La cittadinanza italiana grazie al lavoro con PizzAut, al Rugby Sound una storia di integrazione
Al Rugby Sound Festival Nico Acampora di PizzAut è salito sul palco e ha raccontato la storia di Andrey, un ragazzo autistico di origine moldave, che ha ottenuto la cittadinanza italiana grazie all’assunzione a tempo indeterminato. «Una storia che è in linea con i valori di questo festival e di questo concerto» ha sottolineato il fondatore di PizzAut.
Una storia di integrazione e accoglienza: il destino di due persone che viene stravolto grazie a chi ha saputo tendere la mano, senza che disabilità e origini straniere diventassero un problema.
La serata di domenica 5 luglio al Rugby Sound Festival ha avuto un fuori programma che ha saputo emozionare le migliaia di persone presenti.
Fra le novità più gradite della rassegna musicale di quest’anno, c’è la presenza di PizzAut, con Nico Acampora e alcuni dei ragazzi autistici che sfornano pizze e regalano sorrisi ai tantissimi che tutte le sere affollano il pratone accanto al Castello di Legnano.
Una collaborazione che punta a dare visibilità a un progetto che sta ottenendo tanta ammirazione, al punto che lo scorso febbraio il fondatore di PizzAut e alcuni dei ragazzi hanno incontrato il presidente della Repubblica Sergio Mattarella.
Nella serata di domenica, però, una chicca in più: Acampora ha condiviso la storia di Andrey, un ragazzo autistico di origini moldave la cui vita è stata stravolta da chi ha saputo vedere oltre.
Oltre la disabilità e oltre le origini straniere, oltre i pregiudizi; trattandolo semplicemente per ciò che è: un ragazzo che ha voglia di lavorare.
Questo il racconto:
«Voglio raccontarvi una storia, che è in linea con i valori di questo festival e di questo concerto. Andrey è un ragazzo moldavo. È venuto in Italia portato dalla sua mamma perché in Moldavia non c’erano terapie per Andrey. Quando la mamma è venuta qui diceva: “Lui è il mio figlio più fragile, dovrò stargli vicino”. Invece noi abbiamo avuto l’ardire di assumere Andrey a tempo pieno e a tempo indeterminato. E la mamma di Andrey è venuta da me e mi ha detto: “Pensa che situazione strana in Italia: io prenderò la cittadinanza grazie a mio figlio, che adesso ha un lavoro vero”».
Nell’Italia in cui si parla di remigrazione, in cui c’è chi dichiara di volersi difendere da tutto ciò che è diverso, arriva una storia con un sapore antitetico.

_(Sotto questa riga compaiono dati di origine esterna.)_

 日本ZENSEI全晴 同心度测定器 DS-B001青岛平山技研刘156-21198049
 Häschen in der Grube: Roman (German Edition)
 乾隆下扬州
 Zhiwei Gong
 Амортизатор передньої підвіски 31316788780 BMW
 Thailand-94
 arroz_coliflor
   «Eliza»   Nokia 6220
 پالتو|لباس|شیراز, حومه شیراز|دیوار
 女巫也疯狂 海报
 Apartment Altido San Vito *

La storia di chi sceglie con convinzione di non volersi frenare dai pregiudizi, ma è pronto ad accogliare l’Altro.
Disabilità e originini straniere non sono più un tabù e un giovane uomo che ha voglia di lavorare, può avere un’occasione e meritarsi quella Cittadinanza italiana tanto agognata.

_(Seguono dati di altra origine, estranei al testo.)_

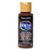 DecoArt Americana Acrylic Multi-Purpose Paint- Dark Chocolate by Deco Art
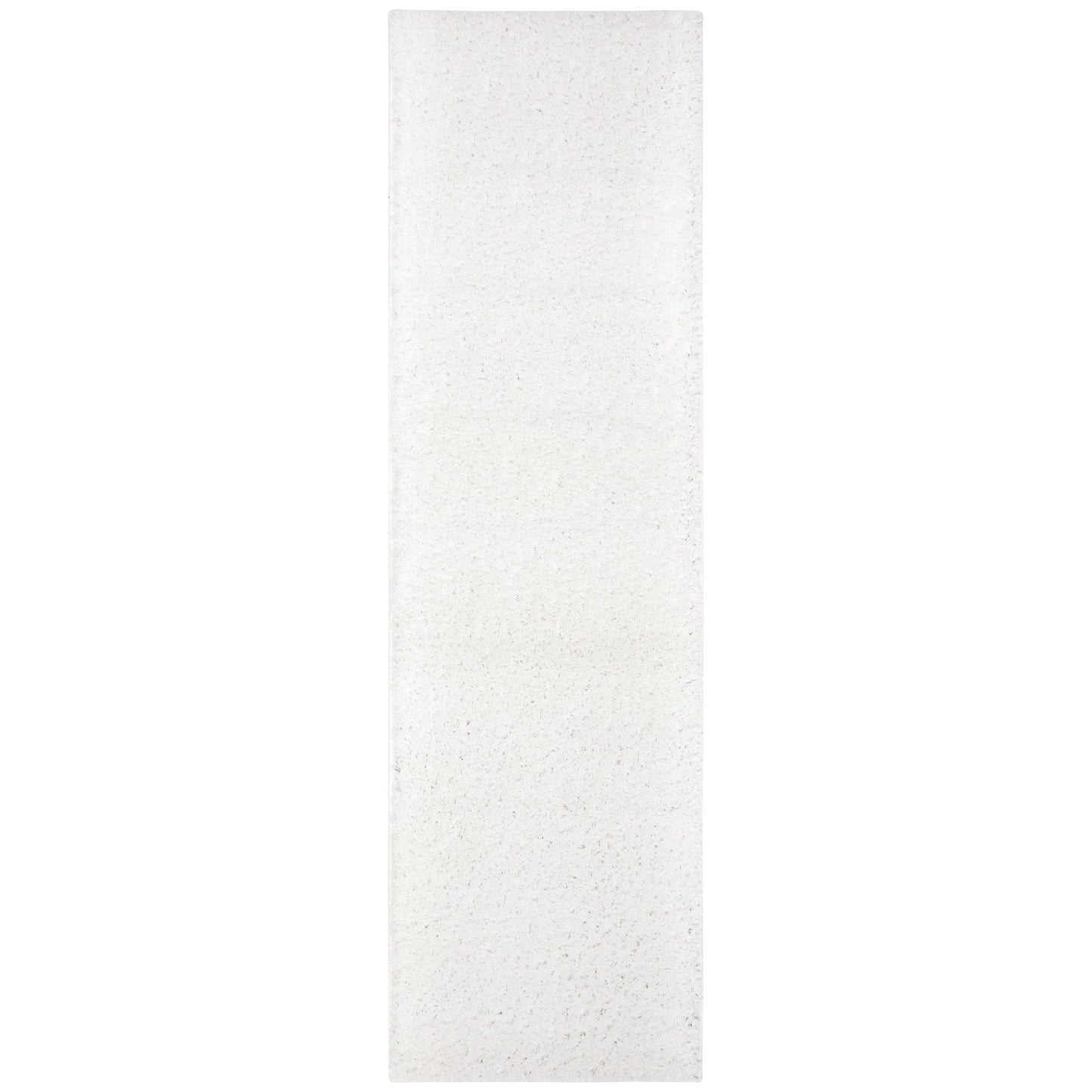 Tappeto SAFAVIEH August Wilhelma Shag Solid da 1,2 pollici di spessore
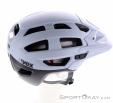 Uvex Finale 2.0 Bike Helmet, Uvex, White, , Male,Female,Unisex, 0329-10024, 5638025125, 4043197359120, N3-18.jpg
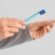 cleaning tips for nylon splints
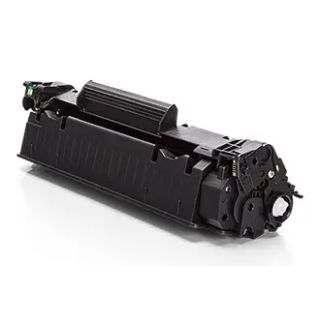 TONER HP COMPATIBILEATIBILE CF279X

Così, subito dopo l’intervento di Acampora, quando le luci sul palco si sono spente e nell’aria hanno iniziato a diffondersi le prime note, due canzoni dei Modena City Ramblers hanno risuonato con ancora maggior forza. Quella “Ebano” che racconta una storia difficile di immigrazione e “Mediterranea”, che mette sotto i riflettori chi, nel mare che circonda la nostra Italia, salva vite. Vite di persone che affrontano le onde con la speranza di un futuro migliore.
Al Rugby Sound la Bandabardò e i Modena City Ramblers hanno fatto saltare tutti
Al Rugby Sound c’è stato spazio per una storia diversa, dunque, in questa sera d’estate di inizio luglio. E se qualcuno fosse uscito di casa solo per un concerto e una birra fresca, si è imbattuto invece in una doccia di umanità.
Grazie alla musica, grazie alla solidalietà, grazie al lavoro che riconosce diritti.